Paying tribute to Mandela: South Africa's long-planned mega event

Next week will be packed with memorials and engagements involving hundreds of thousands of people in multiple locales. Mandela will be buried Dec. 15.  

Yves Herman/Reuters
Mourners gather to celebrate the life of Nelson Mandela in his hometown of Soweto, South Africa.

The passing of Nelson Mandela, the beloved father-figure of the Rainbow Nation, now brings one of the country’s biggest ever staged events – at least 10 days of tributes and engagements involving the participation of hundreds of thousands.                        

South Africa does have experience with large-scale organizing, like the World Cup for soccer in 2010 and a recent UN climate change summit. But the farewell to Mr. Mandela is planned as an event like no other.

Late next week, the body of the former dissident, president, and Nobel Peace Prize winner will lie in state for three days at  the Union Buildings in the capital, Pretoria. Each day, there will be a funeral cortege from the mortuary to the Union Buildings to allow the public to line the route to pay their respects. 

Then the scene will shift 450 miles away to the tiny village of Qunu where “Tata” or father, as Mandela is known, was born. The Nobel Prize winner is said to have requested to be buried on a hillside within the Mandela family compound overlooking the green fields where he tended cattle and played as a boy. The burial will take place Sunday, Dec. 15.

Heads of state, dignitaries, and the famous are flying in over the coming days. President Barack Obama, the pope, the Queen of England, UK Prime Minister David Cameron, the Dalai Lama, and former US President Bill Clinton will mix it up with artists, actors, and top shelf celebrities, among whom Mandela had many friends.

Some of those expected include U2 frontman Bono, singer Annie Lennox, Microsoft founder Bill Gates, talk show host Oprah Winfrey, and supermodel Naomi Campbell. 

In announcing Mandela's passing,  Zuma also announced a period of national mourning: Condolence books will be opened at all South Africa’s foreign embassies as well as at his former home in Soweto, which is now a popular museum.

A special sitting of parliament will be held Monday in Cape Town, South Africa’s legislative capital.

On Tuesday, a “ceremony of remembrance” is slated for the Soweto soccer stadium that held the World Cup finals. The stadium is Africa’s largest, with a capacity of 95,000. In July 2010 the stadium was the site of Mandela’s last public appearance. He was driven onto the football pitch in a golf cart for the cup’s closing ceremony. Mandela was accompanied by his wife, Graca, and appeared resplendent in a bear-skin hat.

Now the stadium will be packed with people eager to play their part in celebrating Mandela’s life. In typical African fashion, singing and dancing will play a key role in the event, and Archbishop-emeritus Desmond Tutu, a long-time friend of Mandela, is expected to host. The proceedings will appear on big screens put up in Soweto, Pretoria, and Cape Town.

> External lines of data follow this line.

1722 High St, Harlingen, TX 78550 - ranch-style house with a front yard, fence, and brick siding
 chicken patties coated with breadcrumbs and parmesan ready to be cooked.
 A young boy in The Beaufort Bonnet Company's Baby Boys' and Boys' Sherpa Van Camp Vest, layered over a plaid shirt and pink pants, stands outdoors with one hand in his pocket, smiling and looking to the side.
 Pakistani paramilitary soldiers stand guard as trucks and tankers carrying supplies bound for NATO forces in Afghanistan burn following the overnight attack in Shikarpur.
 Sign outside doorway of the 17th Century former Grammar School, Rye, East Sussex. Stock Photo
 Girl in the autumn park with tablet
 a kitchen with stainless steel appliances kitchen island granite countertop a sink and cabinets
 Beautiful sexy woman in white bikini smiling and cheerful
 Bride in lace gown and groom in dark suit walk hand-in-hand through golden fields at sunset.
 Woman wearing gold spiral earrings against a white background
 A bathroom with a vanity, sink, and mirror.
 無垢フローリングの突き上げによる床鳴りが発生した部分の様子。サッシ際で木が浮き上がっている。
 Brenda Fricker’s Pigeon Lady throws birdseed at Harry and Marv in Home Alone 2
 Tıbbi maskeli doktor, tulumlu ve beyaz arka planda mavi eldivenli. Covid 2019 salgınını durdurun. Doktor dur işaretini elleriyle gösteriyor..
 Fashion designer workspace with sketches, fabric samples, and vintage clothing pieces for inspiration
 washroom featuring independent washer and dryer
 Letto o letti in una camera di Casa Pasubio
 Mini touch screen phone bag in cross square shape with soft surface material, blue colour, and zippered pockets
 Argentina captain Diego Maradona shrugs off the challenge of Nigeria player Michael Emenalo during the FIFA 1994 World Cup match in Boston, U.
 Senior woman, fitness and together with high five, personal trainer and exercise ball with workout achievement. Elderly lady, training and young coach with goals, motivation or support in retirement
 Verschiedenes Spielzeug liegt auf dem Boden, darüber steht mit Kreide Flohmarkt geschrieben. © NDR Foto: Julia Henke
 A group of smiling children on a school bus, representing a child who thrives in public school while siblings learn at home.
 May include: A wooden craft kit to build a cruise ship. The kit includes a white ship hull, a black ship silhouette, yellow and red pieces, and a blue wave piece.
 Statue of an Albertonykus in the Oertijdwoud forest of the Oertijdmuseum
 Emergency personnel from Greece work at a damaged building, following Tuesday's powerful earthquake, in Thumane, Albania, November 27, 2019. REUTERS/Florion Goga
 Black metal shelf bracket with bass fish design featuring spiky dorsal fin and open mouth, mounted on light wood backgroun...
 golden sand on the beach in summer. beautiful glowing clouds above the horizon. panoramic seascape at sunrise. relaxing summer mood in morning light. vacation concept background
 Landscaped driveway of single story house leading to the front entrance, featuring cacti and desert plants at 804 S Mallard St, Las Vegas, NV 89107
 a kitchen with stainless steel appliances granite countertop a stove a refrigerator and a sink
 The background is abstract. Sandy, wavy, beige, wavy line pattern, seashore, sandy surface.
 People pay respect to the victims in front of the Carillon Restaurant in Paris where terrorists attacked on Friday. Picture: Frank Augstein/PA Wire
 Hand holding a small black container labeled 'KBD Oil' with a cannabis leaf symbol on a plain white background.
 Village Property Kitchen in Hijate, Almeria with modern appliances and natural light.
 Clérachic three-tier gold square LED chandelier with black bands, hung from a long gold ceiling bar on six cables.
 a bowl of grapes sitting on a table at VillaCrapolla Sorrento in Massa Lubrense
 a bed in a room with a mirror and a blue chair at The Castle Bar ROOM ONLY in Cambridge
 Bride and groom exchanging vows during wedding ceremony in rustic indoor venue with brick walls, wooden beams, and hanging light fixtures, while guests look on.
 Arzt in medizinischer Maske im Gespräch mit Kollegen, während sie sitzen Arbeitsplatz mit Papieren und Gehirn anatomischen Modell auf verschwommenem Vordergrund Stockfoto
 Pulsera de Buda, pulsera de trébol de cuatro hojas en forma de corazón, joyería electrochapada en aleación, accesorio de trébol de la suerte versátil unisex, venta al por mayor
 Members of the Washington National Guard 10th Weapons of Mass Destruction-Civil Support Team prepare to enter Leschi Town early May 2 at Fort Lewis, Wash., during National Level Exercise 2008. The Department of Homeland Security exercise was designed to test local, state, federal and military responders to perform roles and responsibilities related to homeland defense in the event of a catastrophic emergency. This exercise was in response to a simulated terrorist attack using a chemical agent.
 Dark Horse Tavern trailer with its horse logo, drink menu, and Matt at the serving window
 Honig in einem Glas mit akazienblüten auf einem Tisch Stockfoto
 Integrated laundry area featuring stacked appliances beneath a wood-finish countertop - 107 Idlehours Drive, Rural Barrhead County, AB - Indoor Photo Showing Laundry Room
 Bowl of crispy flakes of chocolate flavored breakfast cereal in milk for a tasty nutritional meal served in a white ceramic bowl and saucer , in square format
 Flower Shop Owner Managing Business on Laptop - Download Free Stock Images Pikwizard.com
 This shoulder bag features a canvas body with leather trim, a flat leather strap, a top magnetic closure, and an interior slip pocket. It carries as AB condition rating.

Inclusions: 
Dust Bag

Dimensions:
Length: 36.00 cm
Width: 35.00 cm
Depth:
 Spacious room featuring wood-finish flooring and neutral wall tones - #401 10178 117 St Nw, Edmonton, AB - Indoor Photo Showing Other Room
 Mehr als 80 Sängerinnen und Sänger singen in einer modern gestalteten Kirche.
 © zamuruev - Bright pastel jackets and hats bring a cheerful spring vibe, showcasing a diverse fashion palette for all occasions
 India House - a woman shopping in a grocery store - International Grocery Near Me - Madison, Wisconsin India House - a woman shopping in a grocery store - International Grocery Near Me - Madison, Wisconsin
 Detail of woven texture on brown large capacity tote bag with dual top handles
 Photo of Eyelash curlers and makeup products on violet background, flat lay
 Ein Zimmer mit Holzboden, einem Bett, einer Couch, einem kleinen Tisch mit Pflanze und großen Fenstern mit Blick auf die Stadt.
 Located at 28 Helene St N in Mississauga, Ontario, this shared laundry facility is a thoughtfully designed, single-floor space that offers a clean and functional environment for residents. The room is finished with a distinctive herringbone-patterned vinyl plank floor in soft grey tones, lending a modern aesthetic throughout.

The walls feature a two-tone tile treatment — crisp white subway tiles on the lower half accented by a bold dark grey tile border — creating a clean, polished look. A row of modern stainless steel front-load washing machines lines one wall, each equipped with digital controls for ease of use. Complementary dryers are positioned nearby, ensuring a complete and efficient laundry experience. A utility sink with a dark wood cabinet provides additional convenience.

After Mandela's body lies in state in Pretoria on Wednesday, Thursday, and Friday, events will move to Qunu, where the funeral cortege will be met by Zuma and a full military contingent who will accompany it on a 15-mile procession along a road lined with people, to its final resting place at his home.

The burial of Mandela will be in accordance with the traditions of his Xhosa tribal roots and it has been described as a private, family event – with a handful of celebrities and dignitaries closest to him thought likely to be invited.

Xhosa tradition usually includes the slaughter of a cow or sheep, periods of prayer, singing, and silence, and the possessions of the loved one placed inside their grave. 

As a lover of good food, whose personal cook is a celebrity in her own right in South Africa, Mandela is likely to have stipulated that a final feast be held in his honor.

No one knows for sure what will come after the official ceremonies to bid farewell to Nelson Mandela are over.

There could be some kind of popular backlash against the African National Congress, the party that Mandela once led.

Although it has made gains in social welfare, policing, housing, and healthcare, the ANC  is widely seen as having failed to redress the gaping inequalities which keep many of its countrymen languishing in poverty.

Many people here still vote for the ANC because it is Mandela’s party, and due to a feeling of loyalty for the freedom he brought.

But there is a belief that Mandela’s passing could mark the breaking of that bond.